I've been up there Chris, not the tour though.. How many more years left in the landfill before they can't take anymore? I thought it was nearing the end....unless they are going to build a mountain.
 
Profisher, I recommend you take a guided tour through Hartland Landfill and get some insight into the technology they use up there. This is a pretty modern landfill facility with liners and leachate collection system and biogas collection. I think you will be in for a big surprise what modern waste and wastewater technology looks like. That would immensely help you forming better informed opinions on all this and will probably help you sleep better when the big bill hits us all. There is nothing scarier than knowing little and reading all the media hype and uneducated people's opinions on this.

What do you think the real issues are Chris? and solutions?

beemer
 
I see "our" real issues not so much with the proposed new infrastructure.
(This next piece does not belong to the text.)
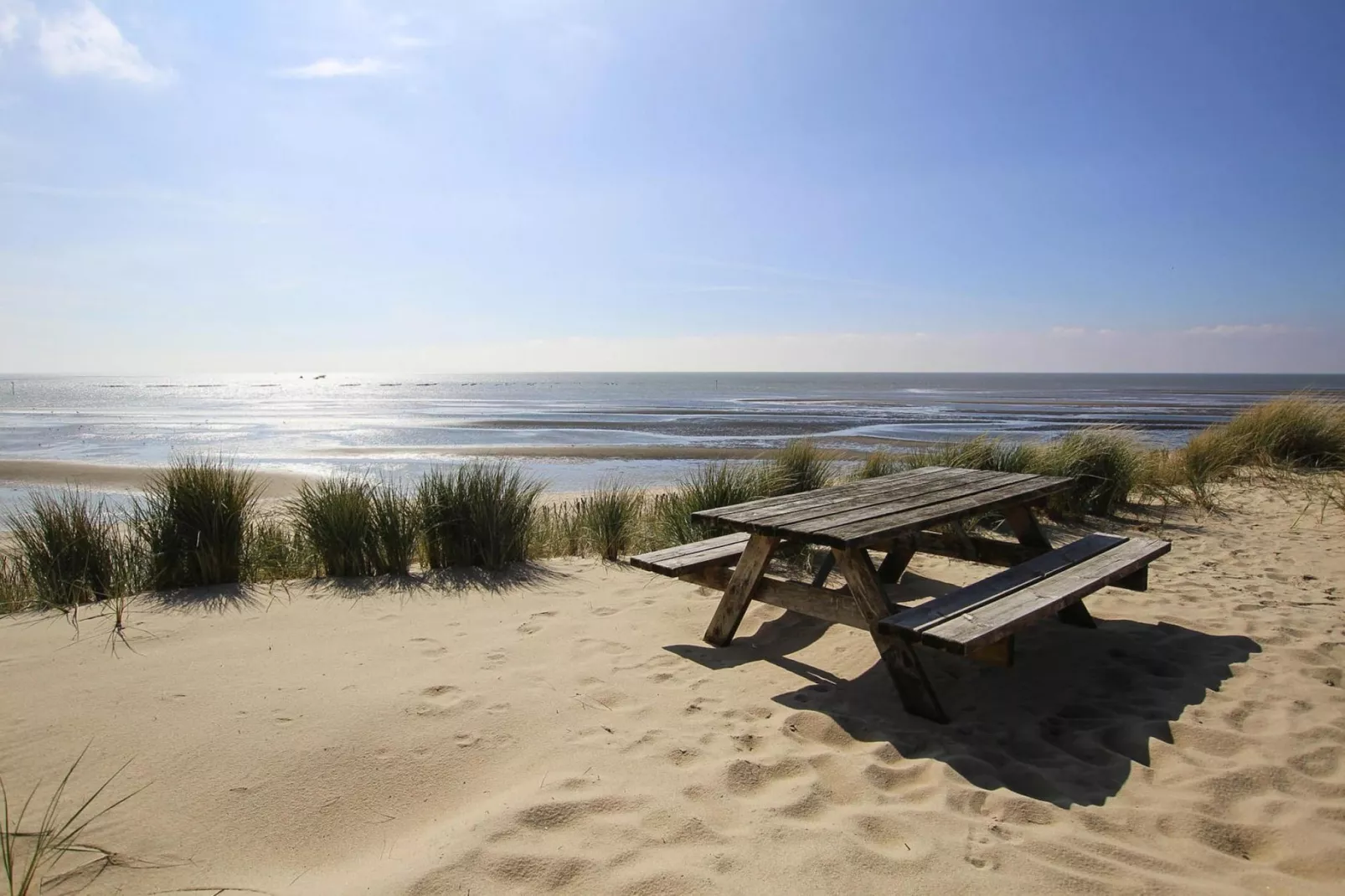 Ferienhaus am WATT List auf Sylt-Gebieden zomer 1km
It will be brand new, meet modern standards and, knowing CRD, often enough be over the top (golden plated mentality by CRD). There are certainly challenging tasks within this project as siting constraints and esthetics as nobody wants to see an unappealing wastewater treatment plant when entering the harbour on an cruise ship for instance. A challenge will be the trenchless installation of the inflow sewer underneath the harbour mouth. They could hit rock or who knows what down there while pipe jacking. Securing a suitable right-of-way for the sludge pipe to Hartland will not be easy as no one wants this thing in their backyard. The earthquake risk associated with these main pipelines seems low to me as I would expect them to use welded HDPE pipe which is very flexible and shock absorbent.

The real concern I have has more to do with the existing sewer infrastructure. Firstly, it was not built to drain to one central treatment site and therefore the costly struggle now to reroute and partly treat here and there. It would have been way smarter and cheaper to design this all in one sweep way back when there was land available and not every corner along the coast built-out. And secondly, the condition of our existing sewer infrastructure is not good. Our sewers leak all over the place, are underdesigned in places and for the purpose of draining to one treatment location often run into the wrong direction. All municipalities are hugely behind in catching up with this deteriorating infrastructure and because it's underground and you can't detect small defects easily like on roads, it has been conveniently ignored over decades. Greater Victoria could have easily needed a $1billion to fix the existing sewer system issues. So to me building a $1billion state of the art treatment system to achieve a high level of effluent quality seems hypocritial when you lose a good percentage of your raw sewage inflow through leaks on the way to your treatment facility. But not only losing sewage is a problem but also creating more sewage along the way through infiltration and inflow of originally clean rain or groundwater which becomes sewage as soon as it enters the sewer pipes through leaks. Therefore Victoria is currently generating way more sewage than it actually does and without addressing this the CRD will have to design and build a treatment plant that is way bigger than it would need to be if the sewers were in good shape. Bigger means more money out of our pockets. I am afraid that the CRD and the municipalities think they are done with the work after the new treatment system is in place and a lot of money has been spent and forget that they only addressed half of the issues.